Congenital heart defects (CHD), defined as clinically significant structural heart disease, are the most common birth defect worldwide, and the most common cause of birth defect related deaths worldwide. As a result, every year, 100,000 babies (children under one) will not live to celebrate their first birthday.
Globally, an estimated 1 per 100 babies are born with CHD requiring treatment or being present by a year of age, although incidence does not vary much between countries and regions.(1) These cases do not include other more benign cases, such as small muscular ventricular (VSD) and atrial septal defects (ASD), which generally close spontaneously before a year of age.
In the past decades, advances in paediatric cardiac surgery have made it possible to repair or palliate most CHDs, which makes that over 85% of operated cases are expected to survive to adult life. However, because of the lack of human and infrastructural resources in most developing countries, less than 1.5% of children with CHD are able to undergo the surgery they need.(2) Covering the wider paediatric cardiac burden, over 15 million children die or become debilitated each year due to suffering from cardiovascular diseases.
Although some babies are diagnosed during pregnancy or at birth, the diagnosis is often not made until later in life. Sometimes, especially in developing countries, CHD is not detected until adolescence or adulthood, during which the condition is often already associated with complications such as heart failure, pulmonary hypertension and severe polycythaemia. Moreover, children with CHD often suffer from associated defects and up to 50% of these patients present with some neurodevelopmental problems.(3) Nevertheless, the earlier CHD is detected and treated, the higher the chances of survival and the less long-term health complications. One important preventable complication is the risk of infective endocarditis, which has a 20-year mortality of over 50% in patients with CHD, underlining the importance of early intervention and careful follow-up.(4)
The burden of supporting CHD patients falls heavier on countries with higher fertility rates, which tend to have the lowest incomes per capita, which only accentuates the disparity. Costs for open heart surgery are high and are accompanied by additional medical (treatment and follow-up) and non-medical (e.g., transport, which is especially difficult in rural areas or developing countries) costs. Moreover, there is a loss of parental working time when taking children to a medical center, which further puts a financial burden on these families.(5)

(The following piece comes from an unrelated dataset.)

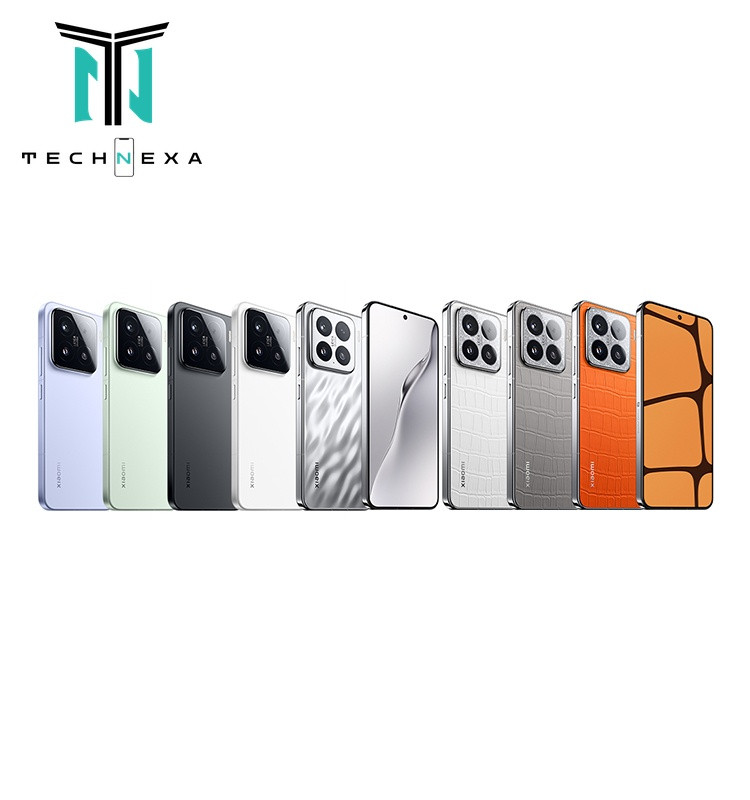 گوشی موبایل شیائومی مدل Xiaomi 15 5G ظرفیت 256 گیگابایت رم 12 گیگ نسخه گلوبال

With the epidemiological transition from communicable to non-communicable diseases globally, there is an increasing interest in conditions such as CHD. Nevertheless, because of absolute and relative (maldistribution) shortages of the health workforce and diagnostic and therapeutic equipment, urgent measures need to be taken. Children should have the right to live, in full health, and be able to play with other children of their age without being harmed by the misfortune of where they were born.
1. Hoffman JI. The global burden of congenital heart disease. Cardiovascular Journal of Africa. 2013;24(4):141-145. doi:10.5830/CVJA-2013-028.
2. Young JN, Everett J, Simsic JM, et al. A stepwise model for delivering medical humanitarian aid requiring complex interventions. J Thorac Cardiovasc Surg 2014;148:2480–9.e1.
3. Marino BS, Lipkin PH, Newburger JW, et al. Neurodevelopmental outcomes in children with congenital heart disease: evaluation and management: a scientific statement from the American Heart Association. Circulation 2012; 126: 1143–1172.
4. Delahaye F, Ecochard R, de Gevigney G, et al. The long term prognosis of infective endocarditis. Eur Heart J 1995; 16(Suppl B): 48–53.
5. Hewitson J, Zilia P. Children’s heart disease in sub-Saharan Africa: Challenging the burden of disease. S Afr Heart J 2010; 7: 18–29.